I previously blogged about T-Mobile's silly fair use policy, but at least they make it clear what the data limit is. Tesco Mobile, on the other hand, seem to be intent on hiding their fair use limit from pay as you go customers.
Nine months ago, I regrettably bought a mobile phone locked to the Tesco Mobile network. I had looked around their website (http://www.tesco.com/mobilenetwork/) and decided that their Pay as you go tariff was good value if all I ever wanted to do was access the internet with no risk of hidden fees (they offer a 7-day "Unlimited Browsing" pass for £2). I had a jolly good browse around the site, but there was absolutely no quantification of a fair use limit. As the pass was labelled "unlimited", I naturally assumed that if there was a fair use limit, it would be reasonably high, or at least in line with other mobile networks.
Just a couple of days later, a friend of mine with an incredibly old web browser pointed out something I had missed: Tesco's website says there is a rather paltry fair use limit of only 100Mb per week. How did I miss that?!
Well, I hadn't missed it – sort of. The fault lies in the Tesco Mobile website, which apparently only works properly in Internet explorer 6. That's quite remarkable given that it's now the year 2011.
So what's actually wrong with their website? There is only one page which states what the fair use limit is (100mb), and this piece of text is not visible in any modern web browser software.
The following screenshot from Firefox 3.6.13 shows the text box in which the 100mb limit is stated; however, it is impossible to scroll down far enough to read it! The design of this web page is faulty, and overlays the bottom navigation bar on top of the final paragraph, making it practically invisible:
This is not just a Firefox rendering issue – the same problem occurs in any vaguely recent version of Internet Explorer, Opera, Chrome and Safari. In fact, the only browser I could view the relevant text in was Internet Explorer 6 (which was released 10 years ago!).

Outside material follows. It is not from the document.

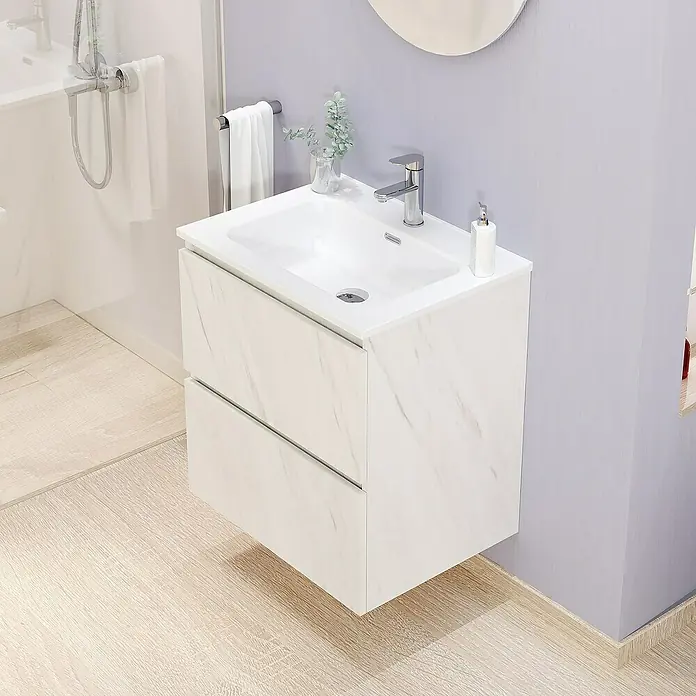 Artysan Conjunto de mueble de baño Kira - Ancho: 60 cm, Blanco piedra, 3 pzs. - Un moderno mueble de baño con acabado efecto mármol y dos cajones, completo con lavabo, grifo y accesorios.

Alternatively, you can view the HTML source, but it's hardly reasonable to expect a customer to do that:
Searching their website for "100mb" confirms that this is the only page the limit is mentioned on (for Pay as you go customers); yet it is completely hidden from anyone who isn't running 10 year old software.
What I find really unfair is that Tesco have refused to fix this problem with their website, which has continued to hide the 100Mb fair use limit for at least 9 months. If I had known about this low limit, I would never have bought a phone from them. I made that clear to Tesco, yet they still refuse to fix it.

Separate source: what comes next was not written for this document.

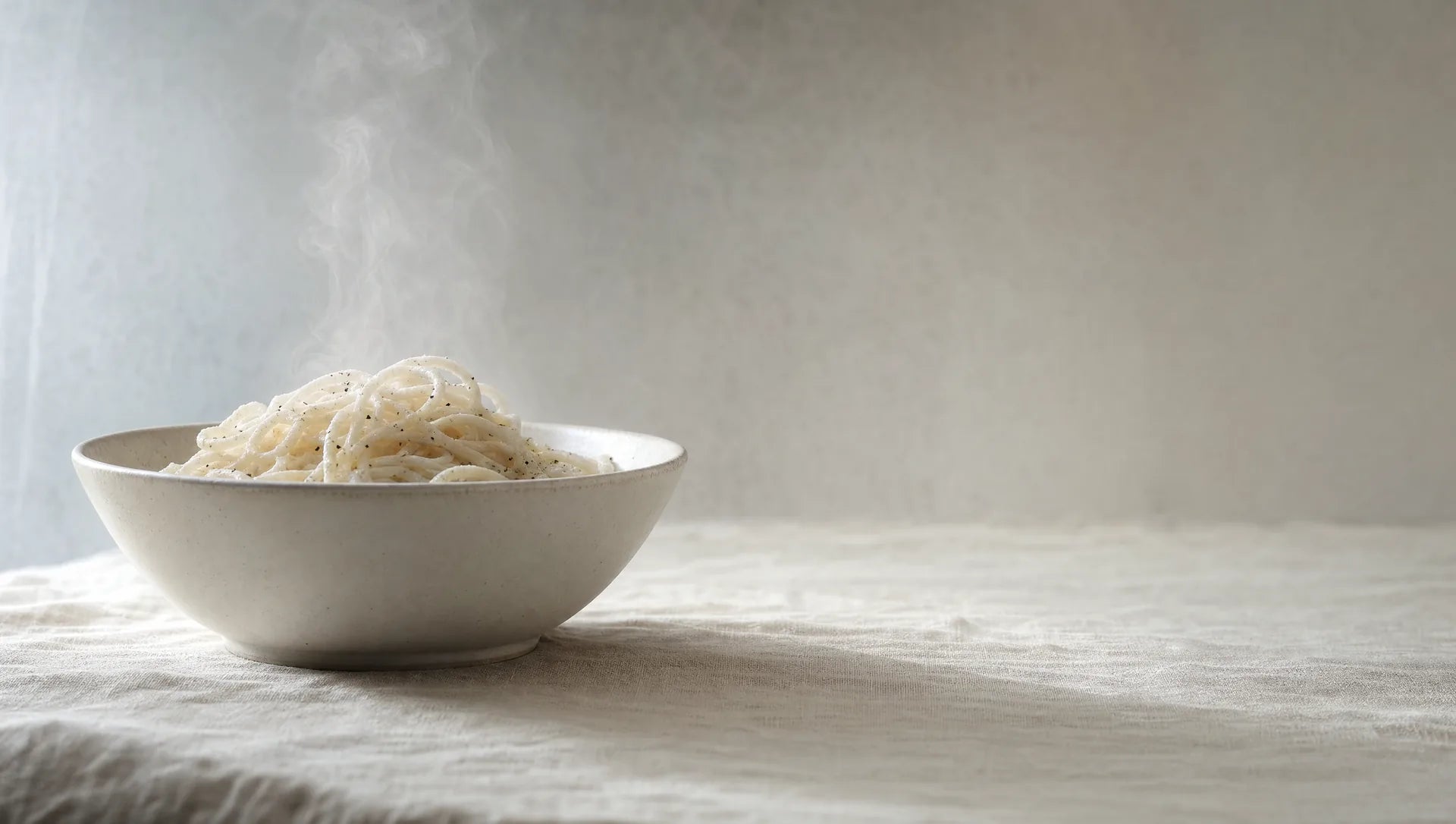 A bowl of Miracle Noodle in soft daylight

I have informed Tesco exactly what the problem is on numerous occasions. They have either insisted that nothing is wrong, or have point blank refused to respond to me.
One lady even accused me of lying when I said the 100Mb fair use limit was not visible on their website. "I can see it here in front of me in black and white," she said, refusing to believe anything I was saying. I did wonder whether they, too, were living in the past with Internet Explorer 6, but sadly she did not understand what a web browser was, let alone what version it was.
It was clear that nobody was going to fix the problem, so I thought I'd head straight to the top and ask the CEO to get it fixed. Surely the CEO will care about other customers being misled by the hidden fair use limits?
Apparently not: I asked the CEO of Tesco, Sir Terry Leahy, why the website has not been fixed. This particular question has never been answered. I even asked him to at least acknowledge that their website is broken, but this too has been avoided in any responses. Tesco have refused to answer either of those two questions, so I can only assume they are hiding the fair use limit on purpose.
I believe it is dishonest for Tesco to act this way. They are knowingly refusing to fix their website, seemingly happy for some other sucker to be misled the same way I was.
As they still refuse to fix the site, and seem happy to continue hiding the fair use limit from online customers, I told Sir Terry that I was going to write an article about it. I did, of course, ask him if he had any comments before I published, but the only response I got was, "I would like to confirm that we have nothing further to add."
I suppose when it comes to generating revenue by misleading prospective customers, "every little helps".